• **TASK DETAILS**: Your answer must repeat all of the entries word for word, without any images.

Caption-style text data:

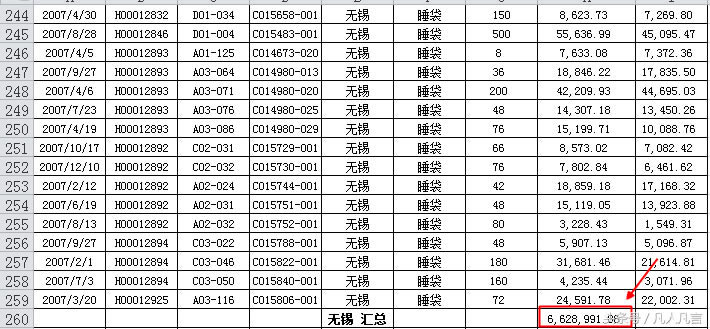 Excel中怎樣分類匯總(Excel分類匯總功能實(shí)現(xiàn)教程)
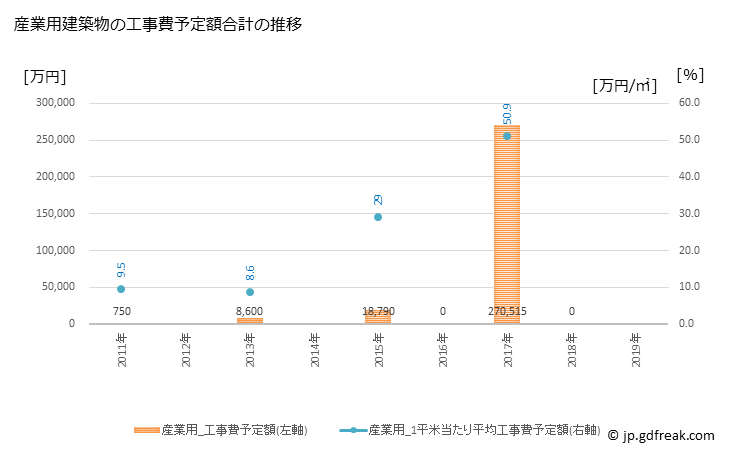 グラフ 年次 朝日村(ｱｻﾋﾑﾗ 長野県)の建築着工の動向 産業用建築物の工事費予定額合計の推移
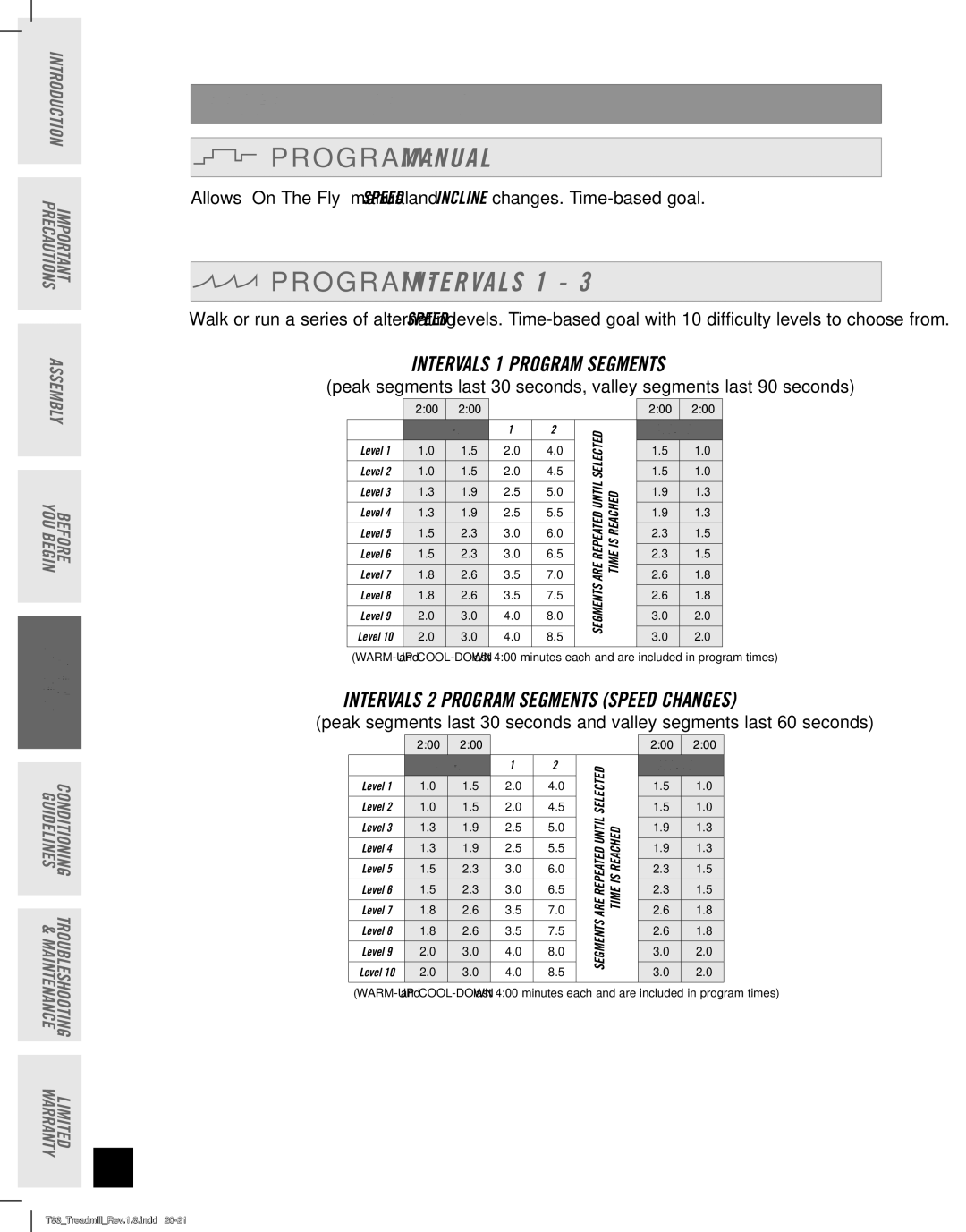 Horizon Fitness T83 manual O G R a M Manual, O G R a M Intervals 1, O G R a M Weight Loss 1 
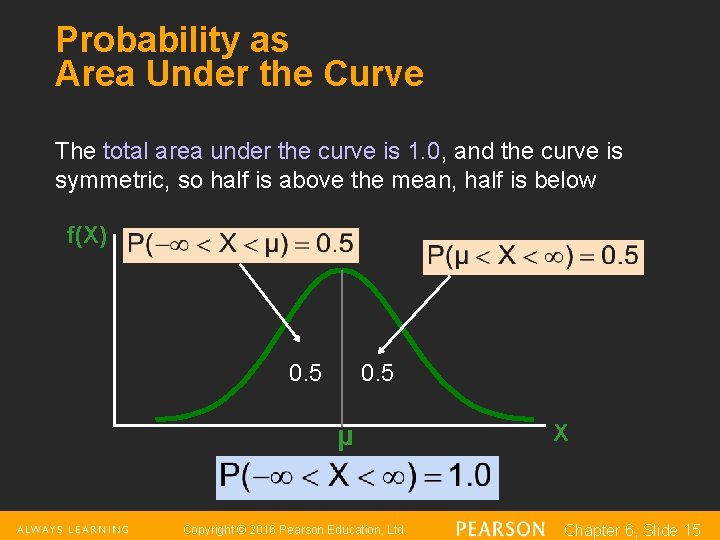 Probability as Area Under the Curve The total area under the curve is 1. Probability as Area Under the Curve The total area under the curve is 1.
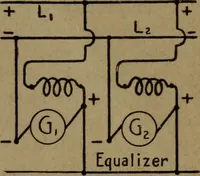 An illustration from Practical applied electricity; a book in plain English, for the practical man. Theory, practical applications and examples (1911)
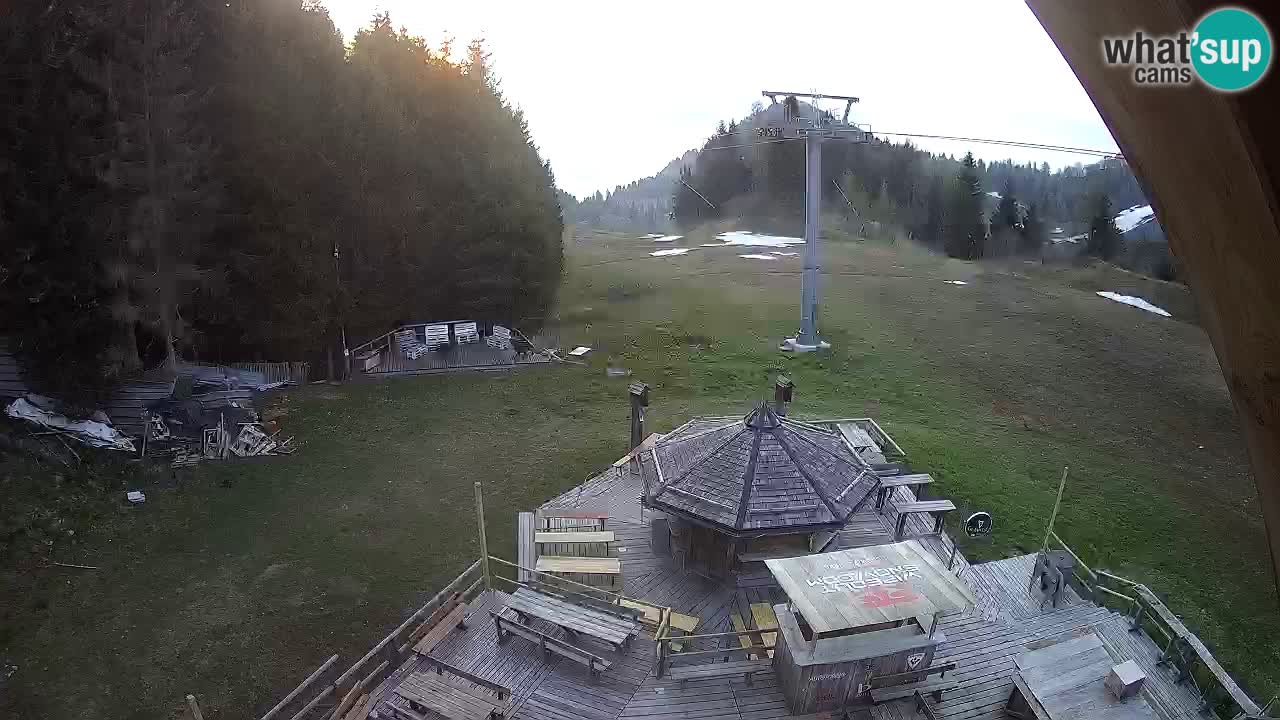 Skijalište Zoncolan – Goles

• **SOLUTION TO THIS PROBLEM**:
 Excel中怎樣分類匯總(Excel分類匯總功能實(shí)現(xiàn)教程)
 グラフ 年次 朝日村(ｱｻﾋﾑﾗ 長野県)の建築着工の動向 産業用建築物の工事費予定額合計の推移
 Horizon Fitness T83 manual O G R a M Manual, O G R a M Intervals 1, O G R a M Weight Loss 1 
 Probability as Area Under the Curve The total area under the curve is 1. Probability as Area Under the Curve The total area under the curve is 1.
 An illustration from Practical applied electricity; a book in plain English, for the practical man. Theory, practical applications and examples (1911)
 Skijalište Zoncolan – Goles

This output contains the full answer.